DATA RECORDS:
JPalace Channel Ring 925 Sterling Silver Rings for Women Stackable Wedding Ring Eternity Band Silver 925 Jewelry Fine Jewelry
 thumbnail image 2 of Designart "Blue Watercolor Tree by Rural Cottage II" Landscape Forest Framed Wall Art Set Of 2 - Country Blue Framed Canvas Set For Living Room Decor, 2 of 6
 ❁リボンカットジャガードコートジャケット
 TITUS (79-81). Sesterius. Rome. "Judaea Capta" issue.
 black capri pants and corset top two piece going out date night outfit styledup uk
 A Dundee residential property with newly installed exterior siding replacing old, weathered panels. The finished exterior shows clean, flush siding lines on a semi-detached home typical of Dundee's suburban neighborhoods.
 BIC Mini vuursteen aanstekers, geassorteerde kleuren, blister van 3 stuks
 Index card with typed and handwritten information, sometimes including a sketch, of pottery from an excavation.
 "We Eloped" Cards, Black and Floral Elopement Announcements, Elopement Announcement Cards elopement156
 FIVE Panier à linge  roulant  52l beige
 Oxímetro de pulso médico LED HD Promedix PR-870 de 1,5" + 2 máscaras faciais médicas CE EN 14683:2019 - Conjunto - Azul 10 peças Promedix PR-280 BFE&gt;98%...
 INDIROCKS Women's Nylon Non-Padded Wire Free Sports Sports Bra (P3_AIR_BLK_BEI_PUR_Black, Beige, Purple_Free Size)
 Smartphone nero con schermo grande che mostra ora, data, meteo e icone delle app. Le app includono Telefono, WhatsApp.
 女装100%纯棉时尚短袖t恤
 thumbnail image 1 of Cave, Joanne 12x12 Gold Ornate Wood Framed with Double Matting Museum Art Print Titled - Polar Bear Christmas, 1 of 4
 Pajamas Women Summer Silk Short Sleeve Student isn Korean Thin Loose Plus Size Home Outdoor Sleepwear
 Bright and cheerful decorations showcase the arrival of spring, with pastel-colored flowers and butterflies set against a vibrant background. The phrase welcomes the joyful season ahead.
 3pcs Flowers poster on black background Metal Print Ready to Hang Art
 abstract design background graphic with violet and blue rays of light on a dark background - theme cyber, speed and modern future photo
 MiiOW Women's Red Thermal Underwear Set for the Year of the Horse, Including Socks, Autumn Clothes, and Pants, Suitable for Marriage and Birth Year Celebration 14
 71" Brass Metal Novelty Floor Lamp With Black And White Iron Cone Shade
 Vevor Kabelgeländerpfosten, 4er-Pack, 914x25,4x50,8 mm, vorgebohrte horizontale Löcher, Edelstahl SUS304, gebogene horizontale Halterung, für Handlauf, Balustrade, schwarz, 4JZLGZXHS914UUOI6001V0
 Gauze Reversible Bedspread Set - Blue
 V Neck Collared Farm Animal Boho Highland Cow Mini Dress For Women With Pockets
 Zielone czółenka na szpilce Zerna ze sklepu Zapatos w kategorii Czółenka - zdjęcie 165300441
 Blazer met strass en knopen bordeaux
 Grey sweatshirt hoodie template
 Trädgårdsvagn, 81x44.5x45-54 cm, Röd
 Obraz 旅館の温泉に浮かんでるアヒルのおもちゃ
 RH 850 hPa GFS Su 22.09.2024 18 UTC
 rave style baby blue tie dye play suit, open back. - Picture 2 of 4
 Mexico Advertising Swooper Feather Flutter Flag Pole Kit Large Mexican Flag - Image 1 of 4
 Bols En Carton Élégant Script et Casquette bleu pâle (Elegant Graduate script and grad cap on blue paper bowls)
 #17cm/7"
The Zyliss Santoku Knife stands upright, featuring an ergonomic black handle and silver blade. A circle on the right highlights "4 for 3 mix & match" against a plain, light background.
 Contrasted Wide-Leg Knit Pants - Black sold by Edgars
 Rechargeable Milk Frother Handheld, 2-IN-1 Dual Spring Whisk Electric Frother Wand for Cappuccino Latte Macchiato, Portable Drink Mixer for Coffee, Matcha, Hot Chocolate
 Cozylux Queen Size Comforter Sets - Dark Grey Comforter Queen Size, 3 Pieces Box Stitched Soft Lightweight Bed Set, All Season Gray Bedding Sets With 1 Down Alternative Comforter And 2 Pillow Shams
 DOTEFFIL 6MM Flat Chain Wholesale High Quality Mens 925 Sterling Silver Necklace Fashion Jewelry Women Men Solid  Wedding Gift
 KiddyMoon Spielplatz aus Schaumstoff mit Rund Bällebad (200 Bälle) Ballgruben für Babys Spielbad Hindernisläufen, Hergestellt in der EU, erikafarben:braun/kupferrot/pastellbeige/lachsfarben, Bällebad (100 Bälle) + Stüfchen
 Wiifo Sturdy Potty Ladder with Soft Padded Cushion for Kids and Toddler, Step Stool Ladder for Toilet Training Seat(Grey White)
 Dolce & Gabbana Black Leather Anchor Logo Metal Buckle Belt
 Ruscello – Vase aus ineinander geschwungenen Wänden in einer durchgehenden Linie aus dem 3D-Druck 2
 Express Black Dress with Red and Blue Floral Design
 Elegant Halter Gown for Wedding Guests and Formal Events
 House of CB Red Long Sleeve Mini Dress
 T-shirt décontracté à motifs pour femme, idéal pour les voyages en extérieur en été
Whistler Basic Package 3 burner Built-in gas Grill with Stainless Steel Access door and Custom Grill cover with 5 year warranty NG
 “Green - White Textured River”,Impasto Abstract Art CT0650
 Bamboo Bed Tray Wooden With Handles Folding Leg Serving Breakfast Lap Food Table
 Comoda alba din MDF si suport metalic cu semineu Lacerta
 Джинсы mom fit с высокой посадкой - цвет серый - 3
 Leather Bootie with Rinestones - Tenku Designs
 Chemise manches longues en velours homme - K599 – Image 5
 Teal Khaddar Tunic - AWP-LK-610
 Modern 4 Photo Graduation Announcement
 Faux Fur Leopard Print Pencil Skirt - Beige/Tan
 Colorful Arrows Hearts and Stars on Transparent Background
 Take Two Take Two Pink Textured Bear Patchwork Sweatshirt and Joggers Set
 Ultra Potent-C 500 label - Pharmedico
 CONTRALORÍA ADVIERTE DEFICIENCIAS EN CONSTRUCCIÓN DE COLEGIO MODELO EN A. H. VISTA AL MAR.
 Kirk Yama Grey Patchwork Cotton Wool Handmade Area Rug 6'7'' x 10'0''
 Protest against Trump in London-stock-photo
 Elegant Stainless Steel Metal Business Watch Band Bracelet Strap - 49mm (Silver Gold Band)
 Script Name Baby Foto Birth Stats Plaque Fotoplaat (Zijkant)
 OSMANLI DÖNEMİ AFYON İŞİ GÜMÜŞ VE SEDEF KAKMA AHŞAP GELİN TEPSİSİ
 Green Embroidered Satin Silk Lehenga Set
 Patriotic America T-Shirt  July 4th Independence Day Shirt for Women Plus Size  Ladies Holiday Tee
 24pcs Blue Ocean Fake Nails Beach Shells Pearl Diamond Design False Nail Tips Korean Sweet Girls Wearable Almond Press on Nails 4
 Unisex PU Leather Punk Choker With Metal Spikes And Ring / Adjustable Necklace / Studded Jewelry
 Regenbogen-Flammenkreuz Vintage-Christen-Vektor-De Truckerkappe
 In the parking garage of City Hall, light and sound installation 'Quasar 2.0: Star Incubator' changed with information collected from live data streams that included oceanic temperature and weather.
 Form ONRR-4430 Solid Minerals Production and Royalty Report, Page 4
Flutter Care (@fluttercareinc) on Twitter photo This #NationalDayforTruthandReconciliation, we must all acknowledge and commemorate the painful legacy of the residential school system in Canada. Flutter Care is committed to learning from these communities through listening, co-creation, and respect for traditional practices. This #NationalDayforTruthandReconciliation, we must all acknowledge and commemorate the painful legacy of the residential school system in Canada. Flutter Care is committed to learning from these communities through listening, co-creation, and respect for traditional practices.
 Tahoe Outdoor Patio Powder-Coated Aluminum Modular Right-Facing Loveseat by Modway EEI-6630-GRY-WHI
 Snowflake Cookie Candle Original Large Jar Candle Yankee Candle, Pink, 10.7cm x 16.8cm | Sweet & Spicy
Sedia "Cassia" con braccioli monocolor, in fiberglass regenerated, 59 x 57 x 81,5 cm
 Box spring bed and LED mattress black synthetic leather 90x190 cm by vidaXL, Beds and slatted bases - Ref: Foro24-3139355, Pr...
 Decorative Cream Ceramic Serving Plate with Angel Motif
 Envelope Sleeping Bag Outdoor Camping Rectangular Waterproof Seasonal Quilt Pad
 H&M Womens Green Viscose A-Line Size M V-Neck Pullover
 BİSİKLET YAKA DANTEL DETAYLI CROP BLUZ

EXERCISE GOAL: Your reply is to repeat, unchanged, the lines above running from the one with "Iron Cone Shade" up to and including the one with "Contrasted Wide-Leg Knit".

YOUR RESPONSE:
 71" Brass Metal Novelty Floor Lamp With Black And White Iron Cone Shade
 Vevor Kabelgeländerpfosten, 4er-Pack, 914x25,4x50,8 mm, vorgebohrte horizontale Löcher, Edelstahl SUS304, gebogene horizontale Halterung, für Handlauf, Balustrade, schwarz, 4JZLGZXHS914UUOI6001V0
 Gauze Reversible Bedspread Set - Blue
 V Neck Collared Farm Animal Boho Highland Cow Mini Dress For Women With Pockets
 Zielone czółenka na szpilce Zerna ze sklepu Zapatos w kategorii Czółenka - zdjęcie 165300441
 Blazer met strass en knopen bordeaux
 Grey sweatshirt hoodie template
 Trädgårdsvagn, 81x44.5x45-54 cm, Röd
 Obraz 旅館の温泉に浮かんでるアヒルのおもちゃ
 RH 850 hPa GFS Su 22.09.2024 18 UTC
 rave style baby blue tie dye play suit, open back. - Picture 2 of 4
 Mexico Advertising Swooper Feather Flutter Flag Pole Kit Large Mexican Flag - Image 1 of 4
 Bols En Carton Élégant Script et Casquette bleu pâle (Elegant Graduate script and grad cap on blue paper bowls)
 #17cm/7"
The Zyliss Santoku Knife stands upright, featuring an ergonomic black handle and silver blade. A circle on the right highlights "4 for 3 mix & match" against a plain, light background.
 Contrasted Wide-Leg Knit Pants - Black sold by Edgars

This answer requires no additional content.